Sets the minimum time a connection may remain
idle in the pool before it becomes a candidate for eviction by the cleanup thread
of idle objects, provided that at least “minIdle” connections remain in the pool.

ecos.webapp.dataSources.main.timeBetweenEvictionRunsMillis

60000

The number of milliseconds the idle object eviction thread will wait between runs.
If the value is less than or equal to zero, this thread will not run.
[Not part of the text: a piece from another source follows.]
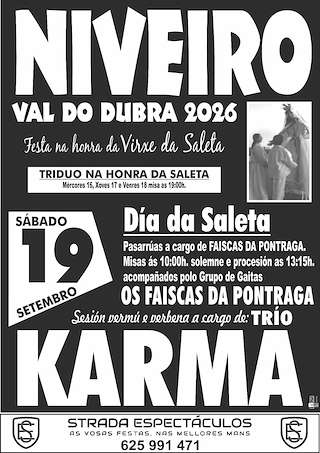 Fechas, información, programa, cartel, imágenes, mapa y ubicación de Nosa Señora da Saleta de Niveiro (2026) en Val do Dubra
ecos.webapp.dataSources.main.maxWaitMillis

30000

Maximum wait time when obtaining a database connection.

ecos-process Specifics

In ecos-process, the main datasource is absent, but there are two others — eproc and camunda. They are configured the same way as main, but with the prefixes ecos.webapp.dataSources.eproc.* and ecos.webapp.dataSources.camunda.* respectively.

The table below shows the default values that differ from the main ones:

Setting

Default value

ecos.webapp.dataSources.camunda.url

jdbc:postgresql://localhost:14523/ecos_camunda

ecos.webapp.dataSources.camunda.username

camunda

ecos.webapp.dataSources.camunda.password

camundapassword

ecos.webapp.dataSources.eproc.url

jdbc:postgresql://localhost:14523/ecos_process

ecos.webapp.dataSources.eproc.username

process

ecos.webapp.dataSources.eproc.password

processpassword

Database Connection (MongoDB)

The ecos-process microservice requires configuration for connecting to a MongoDB database:

Setting

Default value

Description

spring.data.mongodb.uri

mongodb://localhost:27017/eproc

MongoDB connection string. May contain a username and password. General format:
mongodb://{user}:{password}@{host}:{port}/{dbname}

Cloud Config

Starting from version 2024.8, ecos-registry became optional as the service registry was redesigned to use Zookeeper.

The only functionality remaining in ecos-registry is cloud config, which can be disabled via the SPRING_CONFIG_IMPORT variable and the configuration can be delivered by infrastructure means.